**Exercise requirements:** From the entries below, please output exactly the lines starting at the one containing "Yellow & White Diamond Drop Earrings" and ending at the one containing "Trendyol Collection Anthracite", both included.

**Records for the task:**

- - - - -

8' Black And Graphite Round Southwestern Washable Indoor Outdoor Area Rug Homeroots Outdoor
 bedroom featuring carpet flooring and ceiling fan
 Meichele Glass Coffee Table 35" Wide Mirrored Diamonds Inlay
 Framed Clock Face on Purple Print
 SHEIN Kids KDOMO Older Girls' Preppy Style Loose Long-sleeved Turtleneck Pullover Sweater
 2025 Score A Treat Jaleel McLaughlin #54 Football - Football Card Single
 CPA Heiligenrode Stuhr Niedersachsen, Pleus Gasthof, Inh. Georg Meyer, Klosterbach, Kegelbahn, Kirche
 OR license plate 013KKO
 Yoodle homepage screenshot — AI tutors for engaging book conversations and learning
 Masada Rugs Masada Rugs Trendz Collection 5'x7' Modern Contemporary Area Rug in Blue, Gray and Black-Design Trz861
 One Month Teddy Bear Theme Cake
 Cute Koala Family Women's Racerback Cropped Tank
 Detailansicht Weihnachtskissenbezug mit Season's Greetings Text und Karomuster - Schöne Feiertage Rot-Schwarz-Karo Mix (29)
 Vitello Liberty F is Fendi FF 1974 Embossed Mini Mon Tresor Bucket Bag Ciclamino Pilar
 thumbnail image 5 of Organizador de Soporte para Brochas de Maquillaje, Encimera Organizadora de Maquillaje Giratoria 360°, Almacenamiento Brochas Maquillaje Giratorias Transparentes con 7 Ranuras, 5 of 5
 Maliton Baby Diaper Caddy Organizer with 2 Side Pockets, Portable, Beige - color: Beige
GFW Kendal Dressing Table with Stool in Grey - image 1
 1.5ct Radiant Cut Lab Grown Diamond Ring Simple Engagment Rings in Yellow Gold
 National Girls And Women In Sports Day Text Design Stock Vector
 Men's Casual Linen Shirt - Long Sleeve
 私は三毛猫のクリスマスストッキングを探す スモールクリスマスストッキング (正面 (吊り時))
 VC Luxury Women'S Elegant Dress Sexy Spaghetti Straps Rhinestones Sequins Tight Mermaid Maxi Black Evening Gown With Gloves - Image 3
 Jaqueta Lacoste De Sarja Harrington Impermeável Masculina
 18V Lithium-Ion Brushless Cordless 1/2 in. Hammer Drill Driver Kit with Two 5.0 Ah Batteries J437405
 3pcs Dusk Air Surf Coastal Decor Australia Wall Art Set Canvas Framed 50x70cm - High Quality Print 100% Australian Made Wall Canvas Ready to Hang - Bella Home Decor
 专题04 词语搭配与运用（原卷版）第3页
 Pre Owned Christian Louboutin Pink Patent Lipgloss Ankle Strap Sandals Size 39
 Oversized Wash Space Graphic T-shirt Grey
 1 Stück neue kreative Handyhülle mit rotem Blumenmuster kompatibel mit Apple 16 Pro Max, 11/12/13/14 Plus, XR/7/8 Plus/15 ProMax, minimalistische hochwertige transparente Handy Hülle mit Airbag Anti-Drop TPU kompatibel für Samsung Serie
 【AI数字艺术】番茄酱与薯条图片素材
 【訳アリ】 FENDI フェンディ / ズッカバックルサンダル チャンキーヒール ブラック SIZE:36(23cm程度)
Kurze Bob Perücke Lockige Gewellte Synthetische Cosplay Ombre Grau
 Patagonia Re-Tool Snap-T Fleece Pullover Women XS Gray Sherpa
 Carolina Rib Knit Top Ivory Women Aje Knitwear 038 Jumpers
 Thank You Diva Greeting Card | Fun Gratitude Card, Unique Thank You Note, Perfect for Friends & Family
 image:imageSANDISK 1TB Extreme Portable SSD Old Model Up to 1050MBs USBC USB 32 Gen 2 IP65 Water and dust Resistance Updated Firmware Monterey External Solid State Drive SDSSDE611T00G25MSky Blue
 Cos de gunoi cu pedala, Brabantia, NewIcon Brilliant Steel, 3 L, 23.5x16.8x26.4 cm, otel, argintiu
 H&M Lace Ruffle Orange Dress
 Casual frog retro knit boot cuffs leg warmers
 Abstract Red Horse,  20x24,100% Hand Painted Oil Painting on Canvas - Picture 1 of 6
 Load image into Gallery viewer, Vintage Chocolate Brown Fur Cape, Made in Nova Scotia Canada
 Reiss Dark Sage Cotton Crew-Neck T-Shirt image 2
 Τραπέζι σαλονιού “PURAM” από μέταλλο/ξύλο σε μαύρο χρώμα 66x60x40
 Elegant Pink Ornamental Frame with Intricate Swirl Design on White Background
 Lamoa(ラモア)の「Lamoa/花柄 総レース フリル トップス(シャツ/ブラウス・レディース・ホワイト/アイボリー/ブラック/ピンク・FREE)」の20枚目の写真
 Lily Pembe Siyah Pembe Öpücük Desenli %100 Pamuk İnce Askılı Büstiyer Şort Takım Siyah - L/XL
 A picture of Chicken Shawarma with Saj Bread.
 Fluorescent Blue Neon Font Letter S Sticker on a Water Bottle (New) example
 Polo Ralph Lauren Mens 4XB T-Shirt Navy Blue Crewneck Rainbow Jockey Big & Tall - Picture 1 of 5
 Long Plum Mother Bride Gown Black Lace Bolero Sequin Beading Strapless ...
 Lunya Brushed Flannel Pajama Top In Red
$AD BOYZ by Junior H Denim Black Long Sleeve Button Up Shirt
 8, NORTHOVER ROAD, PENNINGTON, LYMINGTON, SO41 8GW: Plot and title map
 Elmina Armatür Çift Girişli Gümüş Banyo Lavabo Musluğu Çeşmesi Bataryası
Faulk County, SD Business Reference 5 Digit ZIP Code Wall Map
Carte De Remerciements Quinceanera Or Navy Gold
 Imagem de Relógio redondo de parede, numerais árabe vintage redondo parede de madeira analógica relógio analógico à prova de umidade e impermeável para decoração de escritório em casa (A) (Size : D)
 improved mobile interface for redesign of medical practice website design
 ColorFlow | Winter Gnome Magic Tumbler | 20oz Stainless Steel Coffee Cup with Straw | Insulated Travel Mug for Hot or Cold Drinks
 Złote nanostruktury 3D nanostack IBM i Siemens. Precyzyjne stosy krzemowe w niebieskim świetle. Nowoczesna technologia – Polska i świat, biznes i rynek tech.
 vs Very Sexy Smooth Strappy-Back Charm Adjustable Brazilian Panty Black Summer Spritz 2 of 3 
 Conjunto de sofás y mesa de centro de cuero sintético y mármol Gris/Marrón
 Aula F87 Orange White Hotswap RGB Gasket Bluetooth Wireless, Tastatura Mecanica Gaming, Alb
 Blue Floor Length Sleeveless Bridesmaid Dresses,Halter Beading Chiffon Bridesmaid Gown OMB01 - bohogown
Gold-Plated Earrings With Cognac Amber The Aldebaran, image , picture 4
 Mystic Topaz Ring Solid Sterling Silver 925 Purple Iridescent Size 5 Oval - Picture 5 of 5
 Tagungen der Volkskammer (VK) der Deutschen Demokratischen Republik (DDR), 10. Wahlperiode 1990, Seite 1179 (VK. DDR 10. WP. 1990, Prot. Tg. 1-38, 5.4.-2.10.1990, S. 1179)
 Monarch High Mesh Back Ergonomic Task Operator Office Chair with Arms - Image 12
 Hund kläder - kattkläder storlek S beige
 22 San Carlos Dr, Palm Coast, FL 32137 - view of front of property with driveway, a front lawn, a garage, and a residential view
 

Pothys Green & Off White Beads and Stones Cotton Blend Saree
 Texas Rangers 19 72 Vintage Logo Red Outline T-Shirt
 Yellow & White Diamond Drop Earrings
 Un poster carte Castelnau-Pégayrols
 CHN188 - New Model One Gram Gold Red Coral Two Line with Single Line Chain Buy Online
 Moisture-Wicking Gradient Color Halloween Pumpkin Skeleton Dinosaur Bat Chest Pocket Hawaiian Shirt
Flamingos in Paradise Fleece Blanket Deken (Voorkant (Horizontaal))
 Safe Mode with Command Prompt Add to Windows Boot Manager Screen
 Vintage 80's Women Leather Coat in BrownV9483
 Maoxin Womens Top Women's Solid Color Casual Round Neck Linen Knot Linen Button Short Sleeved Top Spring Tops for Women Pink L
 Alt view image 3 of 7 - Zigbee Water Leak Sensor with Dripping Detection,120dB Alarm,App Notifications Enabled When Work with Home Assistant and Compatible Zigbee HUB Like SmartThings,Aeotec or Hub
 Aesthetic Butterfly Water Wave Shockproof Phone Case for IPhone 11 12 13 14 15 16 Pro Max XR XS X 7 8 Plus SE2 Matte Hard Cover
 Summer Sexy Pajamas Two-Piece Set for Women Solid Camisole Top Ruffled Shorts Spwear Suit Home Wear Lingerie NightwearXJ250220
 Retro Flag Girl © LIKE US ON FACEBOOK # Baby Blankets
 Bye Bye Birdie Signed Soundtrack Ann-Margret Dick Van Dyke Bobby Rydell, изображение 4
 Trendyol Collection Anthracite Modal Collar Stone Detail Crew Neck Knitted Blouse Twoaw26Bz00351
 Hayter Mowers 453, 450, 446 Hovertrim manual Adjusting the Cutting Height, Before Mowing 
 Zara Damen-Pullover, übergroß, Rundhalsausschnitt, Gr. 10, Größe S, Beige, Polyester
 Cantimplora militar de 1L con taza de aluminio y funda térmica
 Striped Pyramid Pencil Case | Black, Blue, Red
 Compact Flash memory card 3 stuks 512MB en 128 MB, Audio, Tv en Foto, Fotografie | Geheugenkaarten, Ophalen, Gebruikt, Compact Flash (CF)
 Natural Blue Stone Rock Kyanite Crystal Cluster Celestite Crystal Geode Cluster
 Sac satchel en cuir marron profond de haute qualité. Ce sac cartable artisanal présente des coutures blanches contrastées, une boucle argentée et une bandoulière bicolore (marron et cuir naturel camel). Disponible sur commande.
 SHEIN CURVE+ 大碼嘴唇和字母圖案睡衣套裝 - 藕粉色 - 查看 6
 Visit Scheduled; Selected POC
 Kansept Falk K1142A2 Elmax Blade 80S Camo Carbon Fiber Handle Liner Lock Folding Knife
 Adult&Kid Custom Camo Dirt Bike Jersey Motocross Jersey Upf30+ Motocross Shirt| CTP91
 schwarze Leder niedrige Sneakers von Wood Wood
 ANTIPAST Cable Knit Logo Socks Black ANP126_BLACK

- - - - -

**The completed task:**
 Yellow & White Diamond Drop Earrings
 Un poster carte Castelnau-Pégayrols
 CHN188 - New Model One Gram Gold Red Coral Two Line with Single Line Chain Buy Online
 Moisture-Wicking Gradient Color Halloween Pumpkin Skeleton Dinosaur Bat Chest Pocket Hawaiian Shirt
Flamingos in Paradise Fleece Blanket Deken (Voorkant (Horizontaal))
 Safe Mode with Command Prompt Add to Windows Boot Manager Screen
 Vintage 80's Women Leather Coat in BrownV9483
 Maoxin Womens Top Women's Solid Color Casual Round Neck Linen Knot Linen Button Short Sleeved Top Spring Tops for Women Pink L
 Alt view image 3 of 7 - Zigbee Water Leak Sensor with Dripping Detection,120dB Alarm,App Notifications Enabled When Work with Home Assistant and Compatible Zigbee HUB Like SmartThings,Aeotec or Hub
 Aesthetic Butterfly Water Wave Shockproof Phone Case for IPhone 11 12 13 14 15 16 Pro Max XR XS X 7 8 Plus SE2 Matte Hard Cover
 Summer Sexy Pajamas Two-Piece Set for Women Solid Camisole Top Ruffled Shorts Spwear Suit Home Wear Lingerie NightwearXJ250220
 Retro Flag Girl © LIKE US ON FACEBOOK # Baby Blankets
 Bye Bye Birdie Signed Soundtrack Ann-Margret Dick Van Dyke Bobby Rydell, изображение 4
 Trendyol Collection Anthracite Modal Collar Stone Detail Crew Neck Knitted Blouse Twoaw26Bz00351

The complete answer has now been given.